Mixing BSDFs

Hi
I’m tying to figure out what is the best way to mix shaders.
One way is to creade one BSDF for i.e. shiny metal, another one for rust and then just use a mask to distribute them.
Another way (the propper way, apparently) is to use just one BSDF while all textures should be mixed in advance and the result fed to the appropriate slots (colour, roughness…).

So I made a little experiment. I have two Susannes, each with different material created as per above. To me, the results are identical. Admitedly, it’s a simple material, I’m mixing only colours, but I assume the same case can be made for any other parameter?

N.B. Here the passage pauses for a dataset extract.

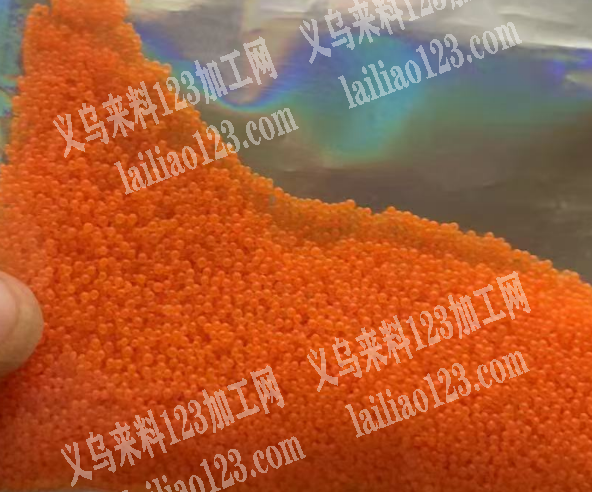 小珠子喷漆外发加工，如图效果的，找玻璃微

My question is, is there any significant down side of either of the methods? Is there a case where there would be a noticeable difference in the result? Is there a performance difference?

One version of material

Another one

Both next to each other
Screenshot (288)

the result should be the same and I doubt it makes a big difference in terms of calculation, in the first case though you could set a different roughness for each Principled BSDF for example, but in the second you could plug another ColorRamp in the Roughness value to get the same result… So I guess for this precise case choose the simplest one, which is probably the second one

Can’t say anything for performance, but having two BSDFs makes more sense since rust and metal are two different “materials” entirely with different Color, Metallic and Roughness values. If anything it would simply be easier to edit.
That said, both setups should present no trouble for baking textures for when/if you need to export into another engine.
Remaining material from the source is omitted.